REPUBLIKA.CO.ID, Umair bin Abi Waqqash ra adalah seorang sahabat yang masih anak-anak. Ia masuk Islam pada permulaan Islam. Ia dalah saudara kandung Saad bin Abi Waqqash ra. Selain itu Umair ra adalah hamba sahaya milikk Abu Laham. Meski masih anak-anak, Umair ra sangat ingin menyertai perang Khaibar.
Dikisahkan dari Buku yang berjudul “Himpunan Fadhilah Amal” karya Maulana Muhammad Zakariyya al-Kandahlawi Rah.a., bahwa Saad ra menceritakan ketika perang Badar, ia melihat pasukan yang siap diberangkatkan. Adikknya, Umair berlarian ke sana kemari bersembunyi agar tidak diketahui. Saad ra heran melihat tingkah Umair ra.
Maka Saad ra bertanya kepadanya, “Mengapa kamu mondar-mandir bersembunyi?” Jawab Umair ra, “Aku khawatir, jika aku diketahui Rasulullah SAW, maka beliau akan melarangku menyertai pasukan, karena aku masih kecil. Padahal, aku selalu berharap untuk menyertai perang ini. Mudah-mudahan aku dikaruniai mati syahid.”

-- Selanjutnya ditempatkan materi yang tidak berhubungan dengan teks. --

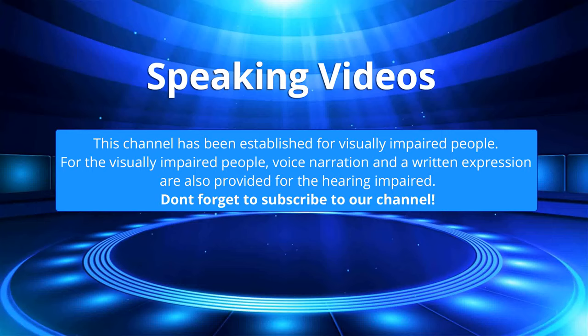This channel has been established for visually impaired people. For the visually impaired, voice narration and written expression are also provided for the hearing impaired. Don't forget to subscribe to our channel.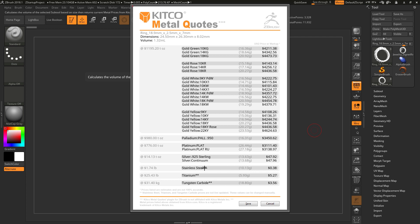Now once again the stainless steel, titanium, and tungsten carbide values down here are not automatically updated. So to update these, you need to modify the text file in the Kitco Metal Quotes installed folder. So that is a quick rundown for the Kitco Metal Quotes plug-in for ZBrush. This plug-in can be downloaded from the Download Center at pixelogic.com.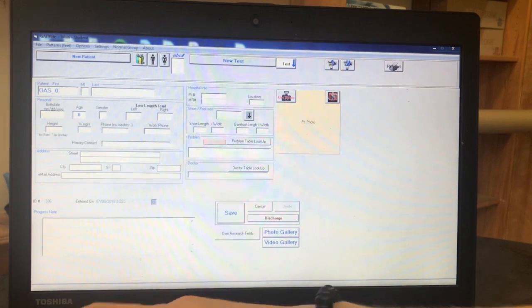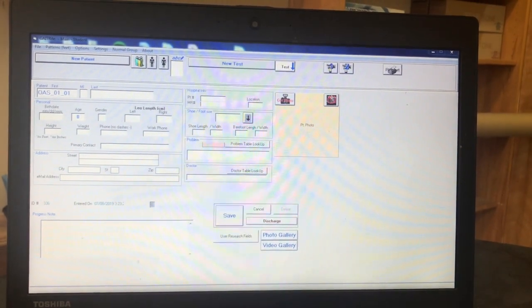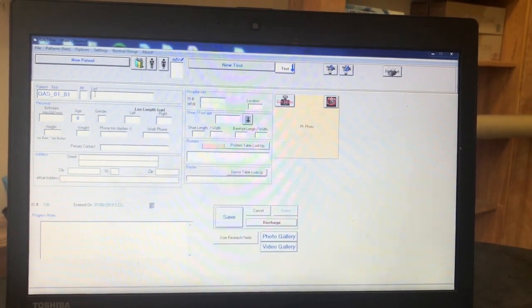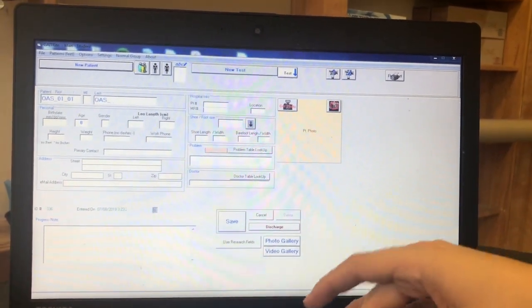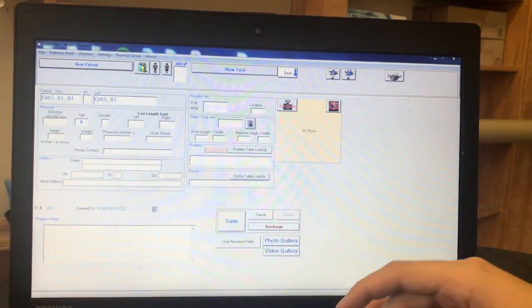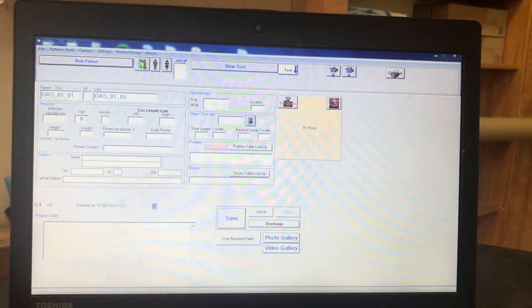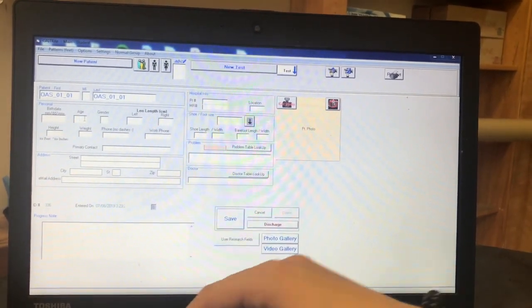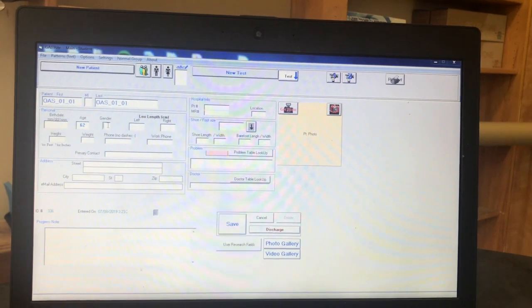For the patient's first and last name, repeat the OASIS code that the participant has been assigned. Next, fill out the participant's age and then gender with an M for male and an F for female. Click save.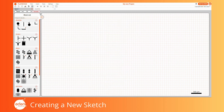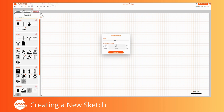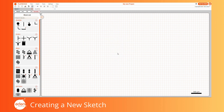When starting a new project, a first sketch will automatically be created, labelled Sketch 1. You can edit this sketch name by either right-clicking on the name or selecting Insert > Edit Current Sketch in the top menu.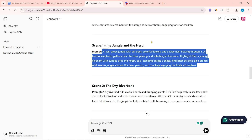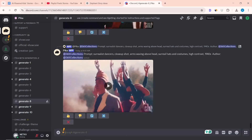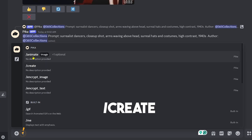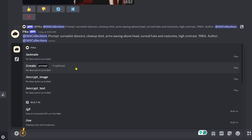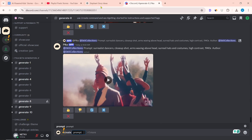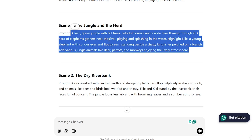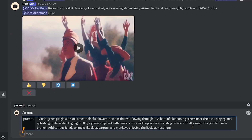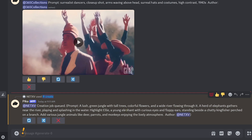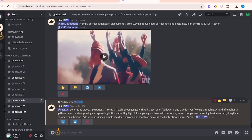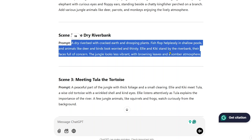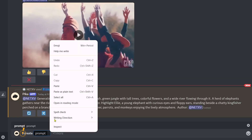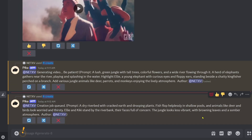Copy the prompt from ChatGPT, then come to Pika's Discord channel. Before pasting the prompt, type slash from the keyboard. We will generate a video from the prompt — select slash create, then paste the prompt here and press enter. The video will start generating. In the same way, copy all the remaining prompts, select slash create, paste the prompt, and generate the video. By clicking the variation button, you can create a relevant new video.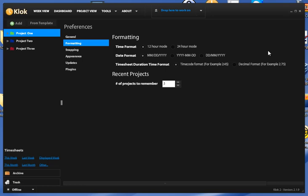So depending on how you would like your reports to look, we have that option as well. Again, this is under the Tools and Preferences section on the Formatting tab here.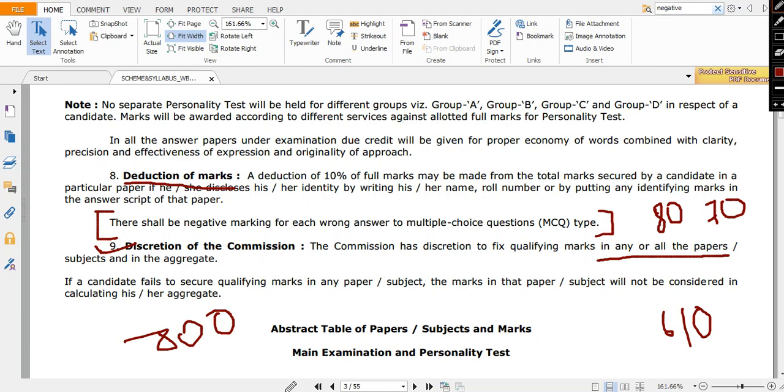One more thing is here - if a candidate fails to secure qualifying marks in any paper or subject, the marks in that paper or subject will not be considered in calculating the aggregate. That means suppose the cutoff is 70 in GS2 and you get 69, then what would happen? In your aggregate, that 69 would not be counted.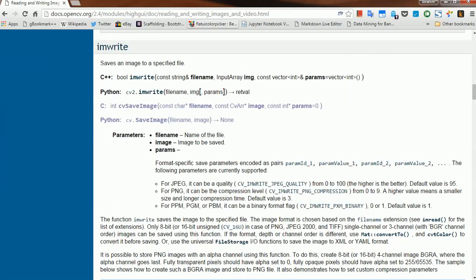Hello, this is Ibrahim and in this video I'm going to talk about converting images between basically two primary formats, JPEG and PNGs.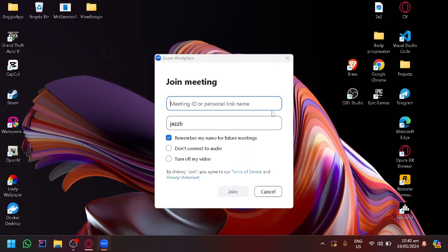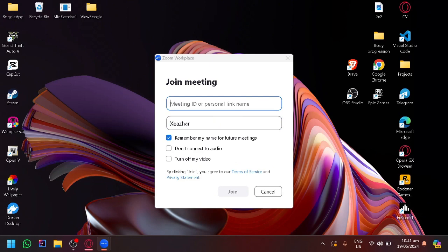I could simply put my username over here, so let's say AZR, and I could put the meeting ID or the link name in this section and simply click on join. By doing that I will be able to easily join with the link provided to me into the Zoom workplace or the Zoom meeting.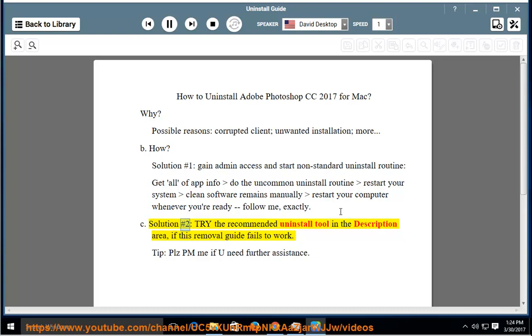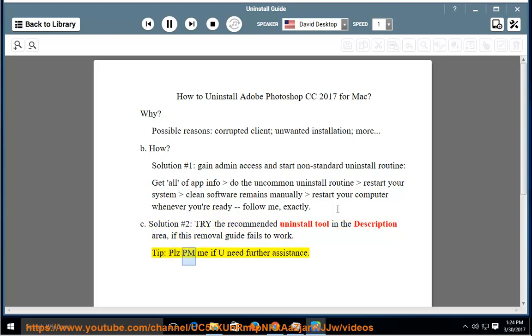Solution number 2: Try the recommended uninstall tool in the description area if this removal guide fails to work. Tip: Please PM me if you need further assistance.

Akhirnya ketika pasukan diperiksa oleh Nabi SAW dan apa yang dikhawatirkan oleh Umair ra pun terjadi. Nabi SAW menemukannya dan karena ia masih kanak-kanak, Beliau melarangnya. Karena sangat bersemangat untuk ikut berperang, ia tidak tahan sehingga menangis.
Bahkan majikannya telah memohon izin kepada Nabi SAW agar Umair dibolehkan ikut berperang. Melihat semangat dan tangisnya itu, Nabi SAW pun mengizinkannya dan menghadiahi kepadanya sebuah pedang yang ia gantungkan di lehernya. Karena pedang itu terlalu panjang dan tubuhnya pendek, maka pedangnya menyeret ke tanah.
Saad ra berkata, “Karena tubuh Umair kecil dan pedangnya panjang, maka aku ikat pedangnya di pinggangnya dengan tali kulit agar lebih tinggi.” (Al-Ishabah).
Dalam keadaan seperti itulah ia menyertai perang Khaibar. Dan karena ia masih anak-anak sekaligus hamba sahaya, maka tidak memperoleh ghanimah sepenuhnya. Namun, ia tetap memperolah bagian pemberian. (Abu Dawud).
Sebenarnya Umair ra sudah mengetahui bahwa ia tidak akan mendapatkan bagian penuh dari harta ghanimah, tetapi karena semangatnya, ia mengajukan permintaan melalui orang lain agar diterima ikut berperang. Hal itu karena tidak ada lagi yang dapat menyenangkan hatinya kecuali semangat dalam membela kebenaran. Akhirnya, ia dapat meyertai pertempuran itu dan cita-citanya yang kedua pun terkabul. Ia syahid dalam perang tersebut.